L’objet principal de notre lettre est d’exprimer la vive inquiétude de l’Association au sujet de l’avenir du Service extérieur du Canada qui, nous le craignons, est en voie d’être progressivement démantelé. Notre Association croit fermement qu’il serait catastrophique que la tendance actuelle se maintienne, car nous sommes convaincus que la conduite efficace de la politique étrangère du Canada requière l’existence d’un service diplomatique ou extérieur aguerri et hautement professionnel. Nos principaux partenaires sur la scène mondiale possèdent de tels services diplomatiques, et le Canada ne devrait pas faire exception. De fait, depuis la Seconde Guerre mondiale, nous avons réussi à bâtir l’un des meilleurs et des plus efficaces services extérieurs qui soient au monde, et il est important que ceci continue.

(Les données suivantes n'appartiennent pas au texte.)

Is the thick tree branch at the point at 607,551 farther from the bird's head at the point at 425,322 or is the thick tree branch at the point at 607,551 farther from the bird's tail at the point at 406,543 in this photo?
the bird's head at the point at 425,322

Malheureusement, il semble qu’une vision simpliste de la mondialisation et du monde se soit implantée au pays et vienne compromettre la notion même de corps diplomatique professionnel. Il ne s’agit pas ici de déplorer le fait que la fonction de diplomate soit peu populaire auprès des Canadiens et Canadiennes, mais bel et bien de contester l’idée qui, nous le craignons, se répand selon laquelle le gouvernement du Canada ne considère plus comme nécessaire ou prioritaire le recrutement, la formation et le renforcement de notre Service extérieur. Nous reconnaissons que le Service extérieur canadien, dans sa forme actuelle, a peut-être besoin d’être repensé, mais cela doit se faire adéquatement et en visant à le renforcer et non pas à le diluer. Sans quoi, le Canada perdra rapidement un outil essentiel de gouvernement.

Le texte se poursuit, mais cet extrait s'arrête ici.